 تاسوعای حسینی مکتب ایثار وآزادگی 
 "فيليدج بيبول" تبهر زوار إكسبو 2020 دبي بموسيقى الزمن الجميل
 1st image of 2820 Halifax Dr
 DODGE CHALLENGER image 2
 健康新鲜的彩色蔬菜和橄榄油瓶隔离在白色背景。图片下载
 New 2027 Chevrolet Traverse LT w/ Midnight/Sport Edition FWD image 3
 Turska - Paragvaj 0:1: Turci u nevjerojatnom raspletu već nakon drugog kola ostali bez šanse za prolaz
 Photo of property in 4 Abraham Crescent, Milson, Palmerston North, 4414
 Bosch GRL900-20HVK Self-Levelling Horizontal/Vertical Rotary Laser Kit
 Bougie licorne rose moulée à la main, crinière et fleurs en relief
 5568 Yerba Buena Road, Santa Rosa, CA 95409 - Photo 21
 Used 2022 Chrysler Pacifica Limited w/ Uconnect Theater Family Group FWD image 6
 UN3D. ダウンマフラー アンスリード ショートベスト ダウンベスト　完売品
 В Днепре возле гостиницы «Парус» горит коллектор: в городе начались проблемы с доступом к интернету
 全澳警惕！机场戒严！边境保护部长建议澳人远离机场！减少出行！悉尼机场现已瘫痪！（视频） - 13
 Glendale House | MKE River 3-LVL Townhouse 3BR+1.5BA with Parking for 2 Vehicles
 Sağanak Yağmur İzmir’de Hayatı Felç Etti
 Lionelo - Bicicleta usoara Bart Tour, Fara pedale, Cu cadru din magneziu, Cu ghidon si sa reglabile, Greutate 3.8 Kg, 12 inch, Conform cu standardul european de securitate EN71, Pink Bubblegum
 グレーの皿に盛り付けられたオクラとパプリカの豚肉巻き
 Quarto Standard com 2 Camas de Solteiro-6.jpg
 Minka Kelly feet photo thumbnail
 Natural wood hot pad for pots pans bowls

****

**How to complete this task:** On how many lines of the listing does the string "image" appear? Only the number should be given.

**Your response:** 4